The first stop on our journey was a thrift store I had come to appreciate on my own excursions to Salt Lake City called Grunts and Postures. I’m not sure if it’s still there, but it was super cool when I was 18. I had my sister Mary try to distract my mom and grandma from seeing the mannequin legs that were wearing tights with the mother of all swear words printed on them. After looking around for a bit, we couldn’t find any prom-like dresses, so my mom stopped to ask the sales lady whether she knew of any vintage dress shops in SLC.
She directed us to a place called Jax. We left the store, but not without Grandma discovering the swear-word tights and becoming flustered, pursing her lips and shaking her head.
Jax had exactly what I was looking for. The sales lady and effeminate sales man had me try on a dozen dresses. Each time I’d come out of the dressing room, they made me feel so good by showering me with compliments, such as, “Oh, honey, that dress was made for you.” It was like having my own personal team of Tim Gunn and Stacy London, along with a beaming mother, cantankerous grandma, and bored-to-tears siblings.
I settled on a flirty, black 1940s cocktail dress that had rhinestones on the sleeves. The dress only cost $30, but I loved it as much as had I spent $200.
I wanted to sparkle up the dress even more, so my mom sewed a line of rhinestones around the middle of the dress.
And to top it off, my date had the great idea of us both going in high-top Chuck Taylors. He didn’t have to ask me twice.
It was a pretty magical night. We went with friends in my date’s grandma’s Cadillac. We ate dinner in Twin Falls, a town 50 miles from our high school, and then drove like mad to make it to the Senior Promenade on time.
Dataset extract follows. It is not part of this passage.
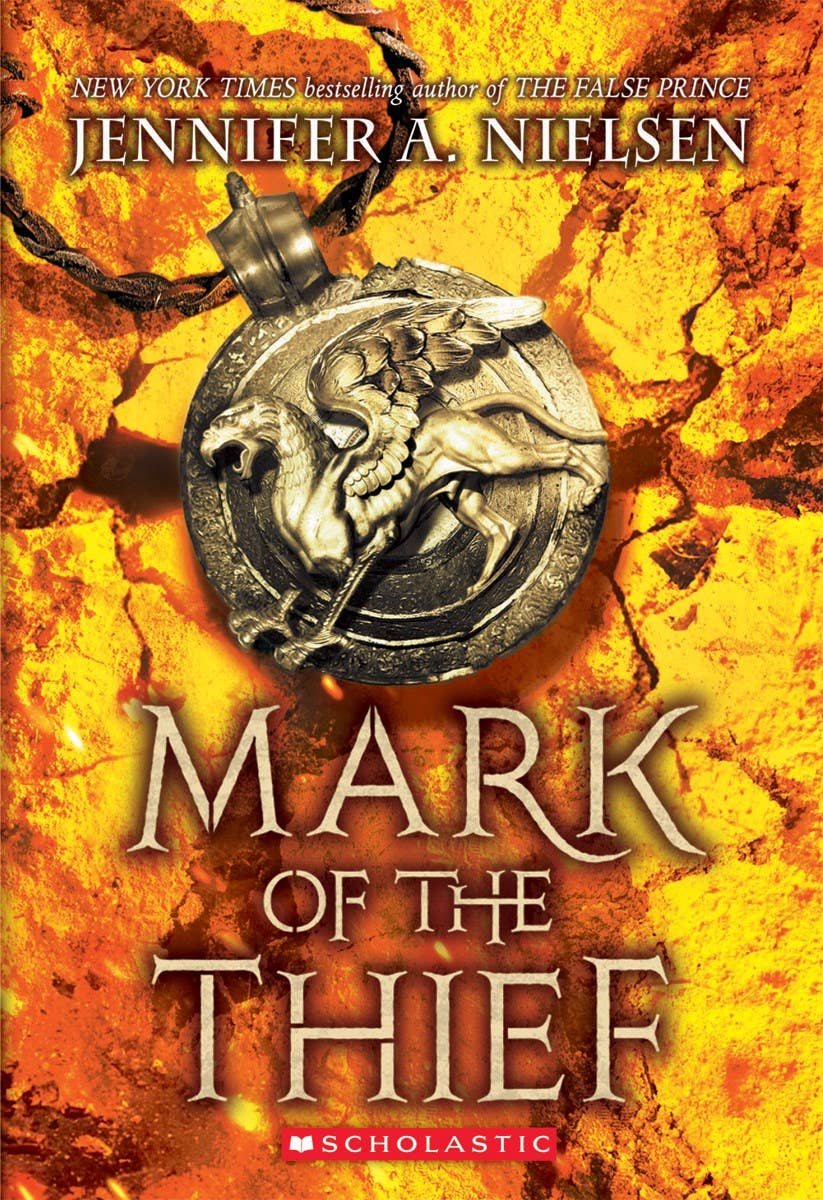 Mark Of The Thief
After taking pictures, the dance was over, but the group of us stayed after and danced to our own singing while the junior class officers cleaned up the aftermath.
Then we had an Easter egg hunt in the blustering Idaho wind, and then we went home. I promise, my young daughters who may be reading this one day, that my prom date drove me straight home. We did not stop and make-out!
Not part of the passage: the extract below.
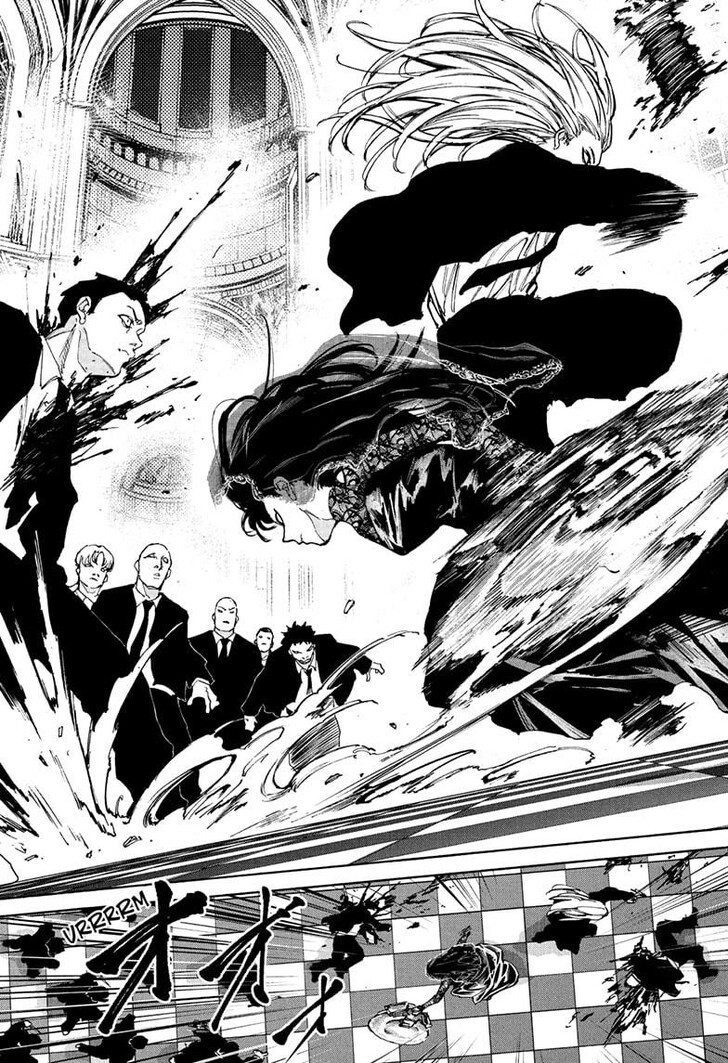 Sakamoto Days Chapter 210 - Page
Prom was a really great memory of innocence and fun, and I’d really love my girls to have that experience. I hope some future mom convinces her future son to take one of my girls--and treat them as respectfully as my dates treated me. And I hope my girls will ask me to accompany them to find the perfect prom dress. And I hope Grandma Christenson will still be around to come along for the fun.
This was the group from my first prom. My cousin Monica is on the far left with white gloves (sorry about the picture scuff). My cousin Chet is the fourth in the front row. He took my best friend Keri, who is the fourth in the second row. My date's name was Grant Hansen. Hi, Grant, if you happen to Google your name and stumble on this post. Thanks for taking me!
This picture doesn't do justice to my dress, but it does show off the Chucks. I didn't have the patience to dig through my pile of old pictures to find the actual dance photo. This was the photo I got because I won 2nd Runner-up to prom queen, should she and the first runner-up not be able to finish out their reign. Royalty at school dances is so ridiculous when you think about it. The sad part is that the queen pictured in this photo (the one at the top with the crown) actually did die in a swimming accident not even one month after we graduated.